__Source material__:
--- START ---
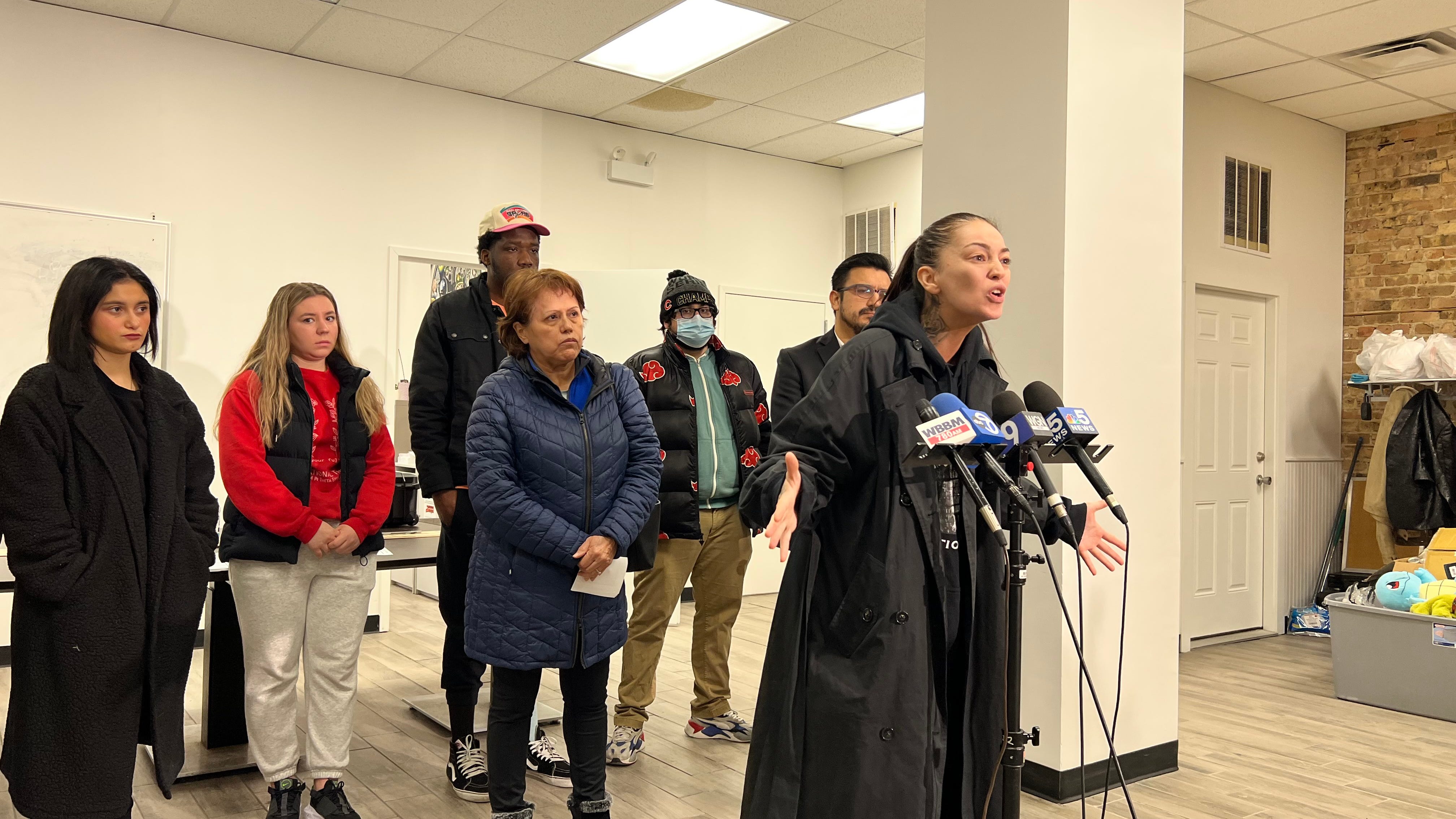 Fire at Pilsen scrap metal site has residents demanding action: 'We don't want to die'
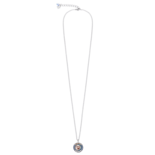 Coeur de Lion Ketting 4955/ /0738 Lightblue-beige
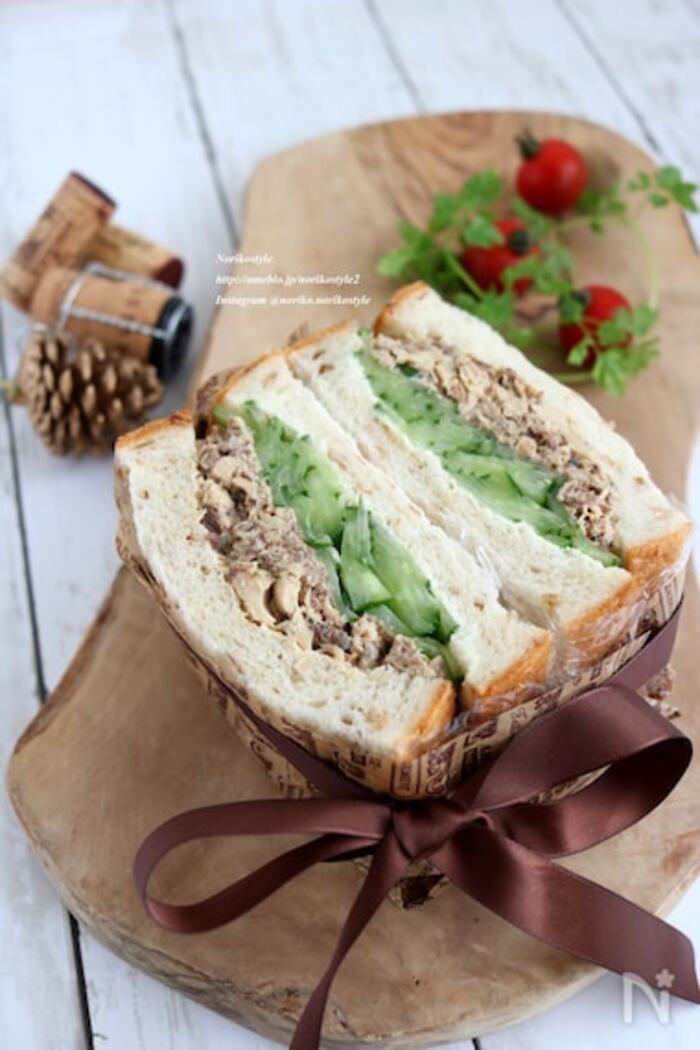 おいしいサンドイッチを作るために知っていそうで知らなかった基本がわかるレシピ本「サンドイッチの発想と組み立て」 - GIGAZINE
--- END ---
__Prompt__:
Nothing but the listing, copied exactly and stripped of its images, should appear in the response.

__Finished exercise__:
 Fire at Pilsen scrap metal site has residents demanding action: 'We don't want to die'
 Coeur de Lion Ketting 4955/ /0738 Lightblue-beige
 おいしいサンドイッチを作るために知っていそうで知らなかった基本がわかるレシピ本「サンドイッチの発想と組み立て」 - GIGAZINE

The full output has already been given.